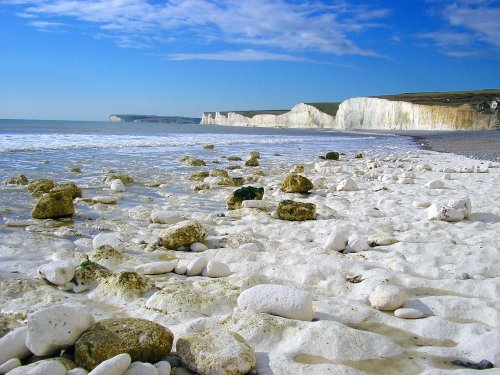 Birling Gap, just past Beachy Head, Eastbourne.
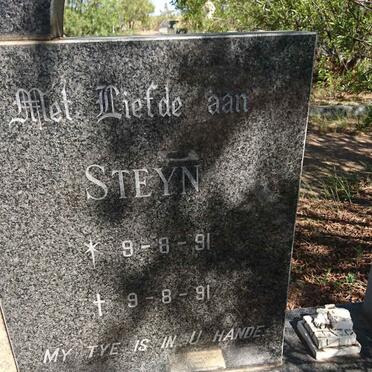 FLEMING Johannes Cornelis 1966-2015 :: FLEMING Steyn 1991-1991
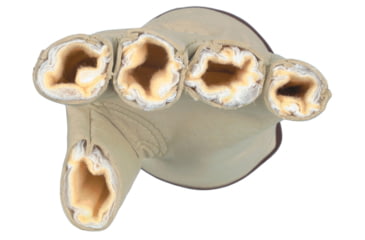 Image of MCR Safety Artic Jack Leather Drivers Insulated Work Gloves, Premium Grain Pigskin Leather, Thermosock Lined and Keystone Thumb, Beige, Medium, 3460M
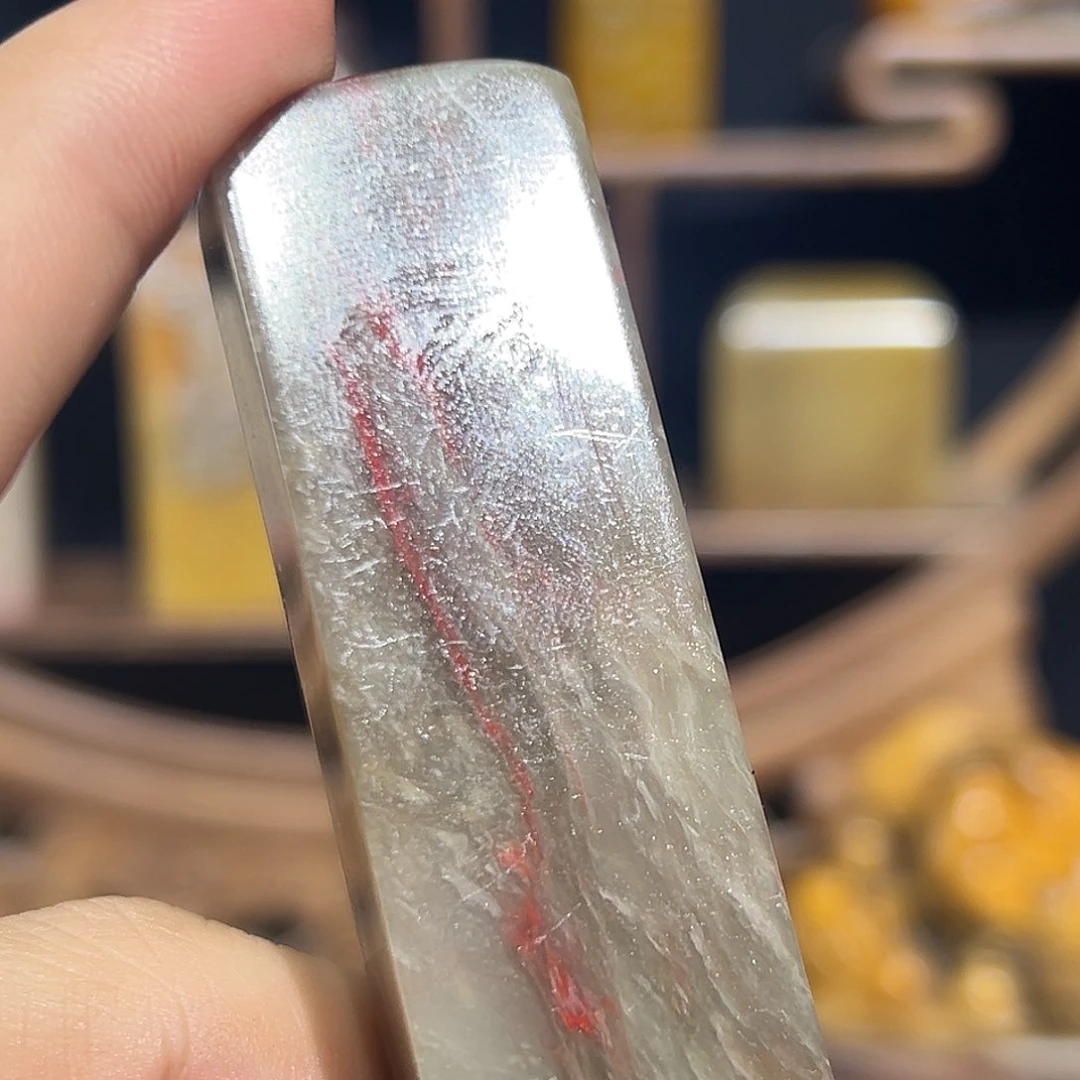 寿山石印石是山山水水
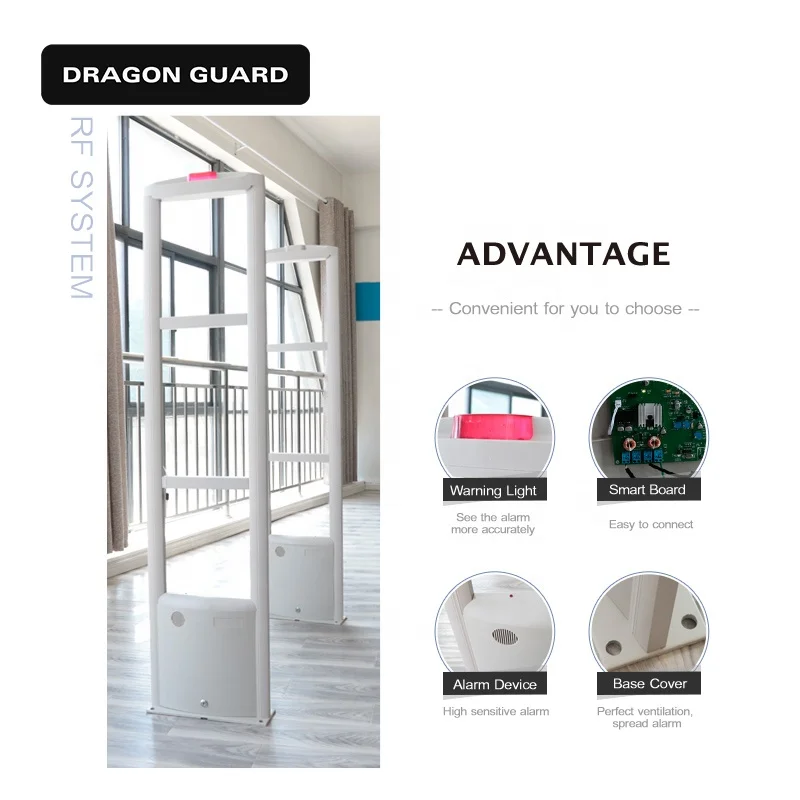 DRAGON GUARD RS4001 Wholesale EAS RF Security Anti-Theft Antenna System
------------------------------------------------------------------------
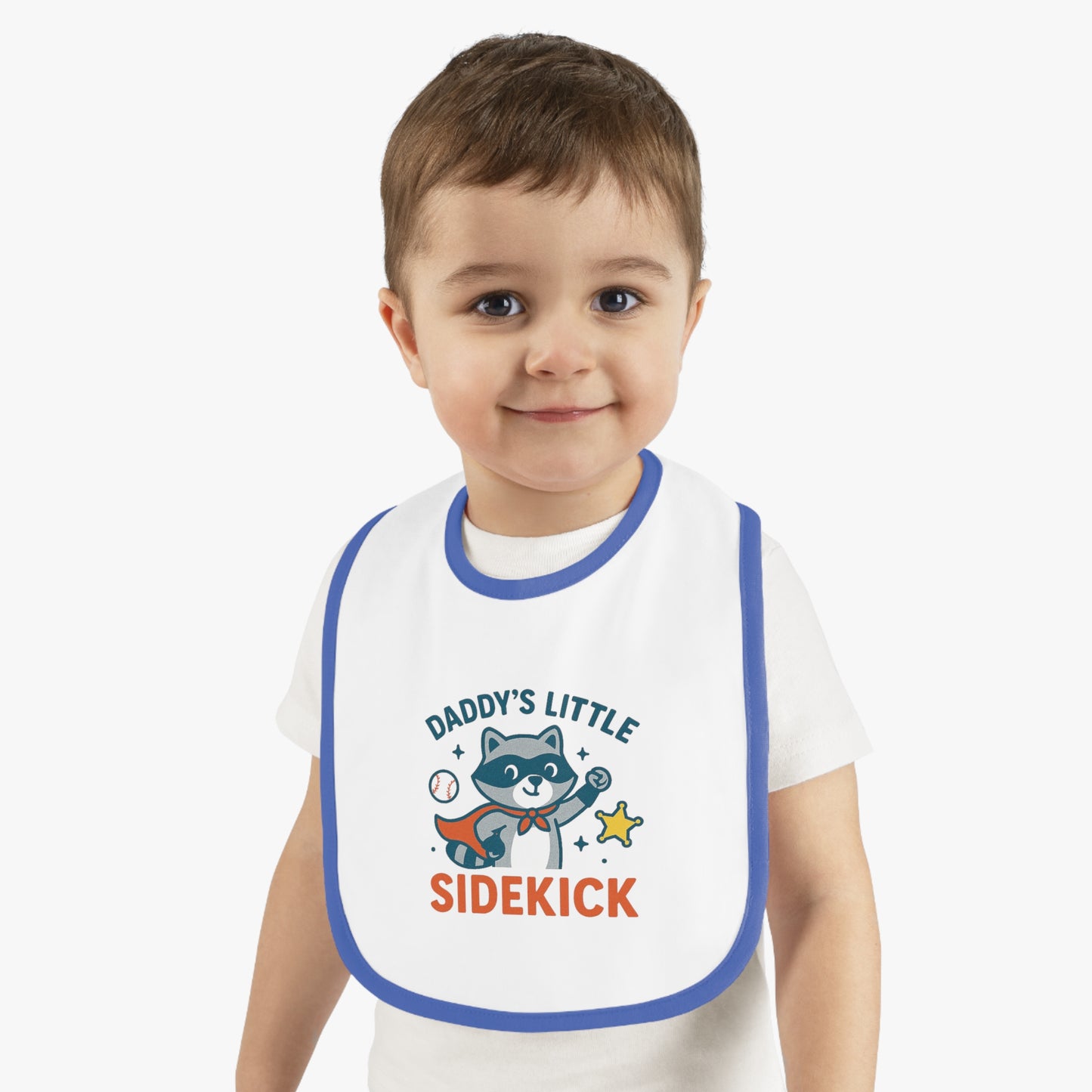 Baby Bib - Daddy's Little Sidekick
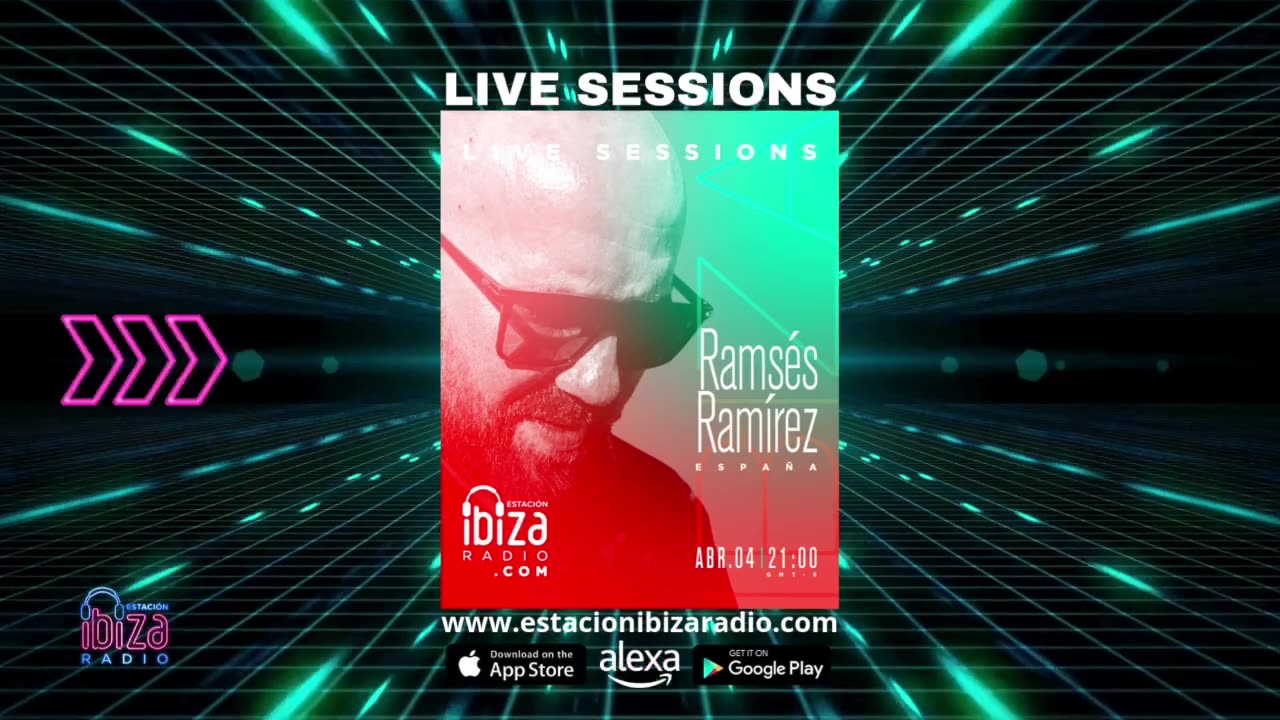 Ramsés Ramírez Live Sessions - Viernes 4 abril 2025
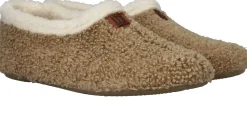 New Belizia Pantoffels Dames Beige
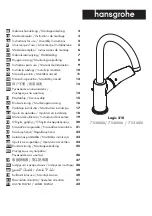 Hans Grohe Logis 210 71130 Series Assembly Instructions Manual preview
------------------------------------------------------------------------
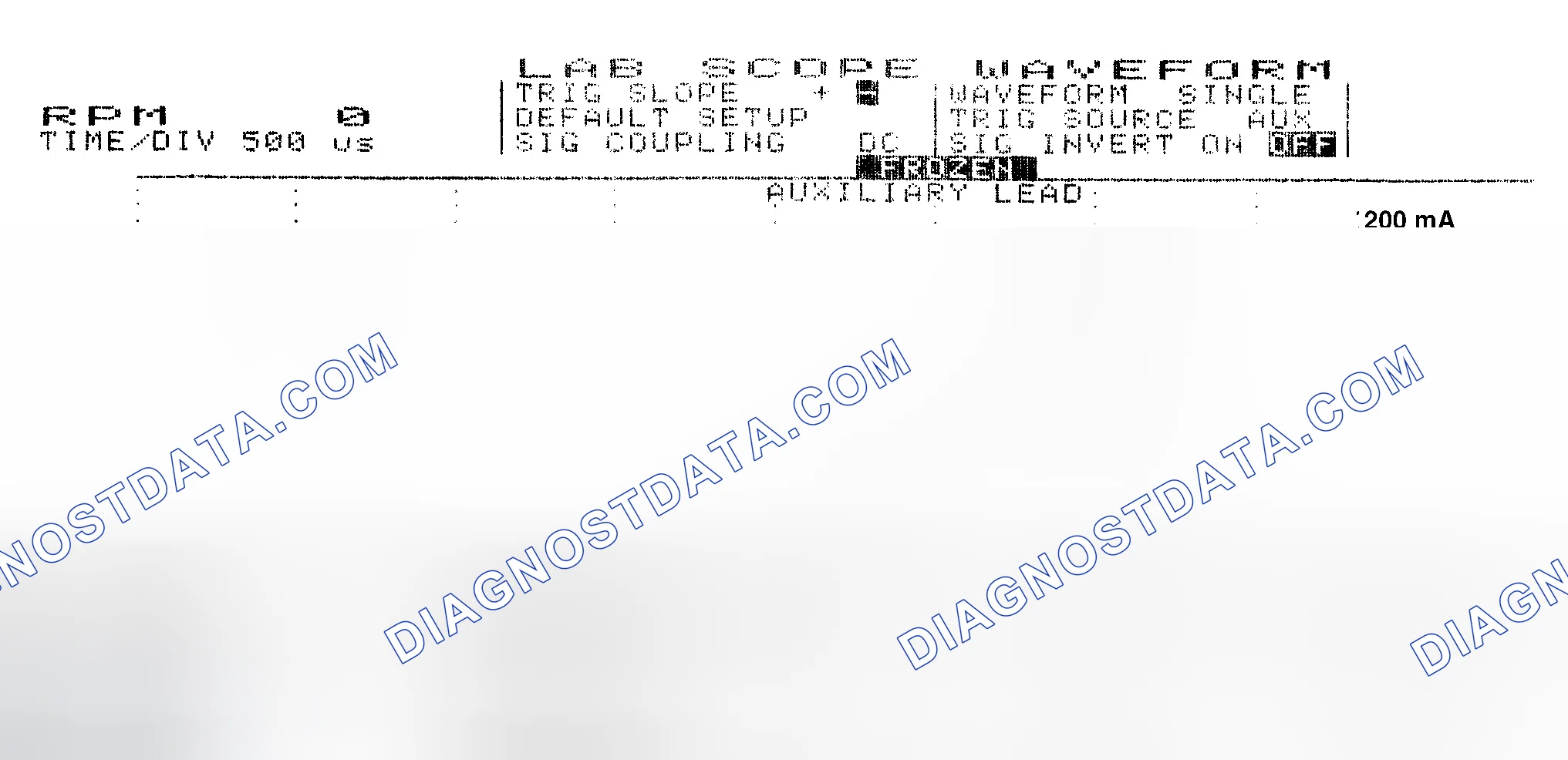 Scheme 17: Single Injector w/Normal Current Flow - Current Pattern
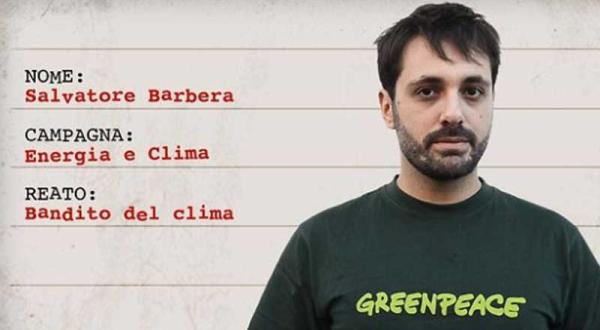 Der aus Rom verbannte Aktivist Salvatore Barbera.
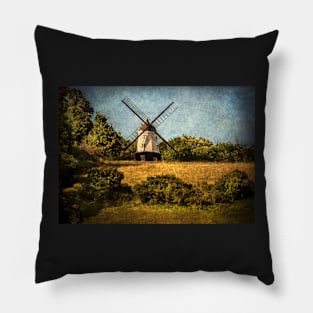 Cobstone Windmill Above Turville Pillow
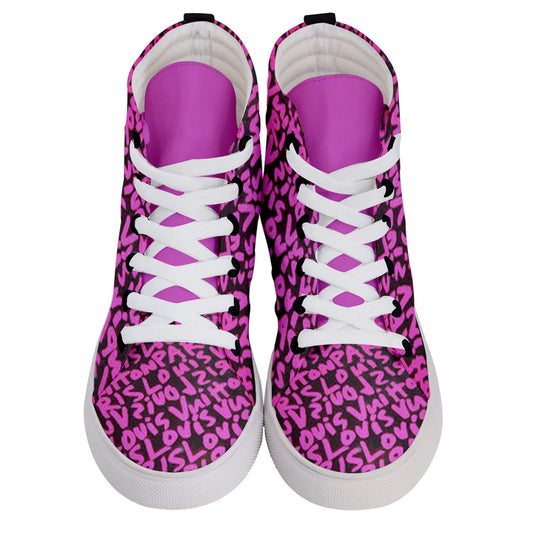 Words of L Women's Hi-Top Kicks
------------------------------------------------------------------------
Please output the lines above beginning at the line with "Birling Gap, just" and ending after the line with "DRAGON GUARD RS4001", precisely as written and with no pictures.

**SOLUTION TO THE EXERCISE**
 Birling Gap, just past Beachy Head, Eastbourne.
 FLEMING Johannes Cornelis 1966-2015 :: FLEMING Steyn 1991-1991
 Image of MCR Safety Artic Jack Leather Drivers Insulated Work Gloves, Premium Grain Pigskin Leather, Thermosock Lined and Keystone Thumb, Beige, Medium, 3460M
 寿山石印石是山山水水
 DRAGON GUARD RS4001 Wholesale EAS RF Security Anti-Theft Antenna System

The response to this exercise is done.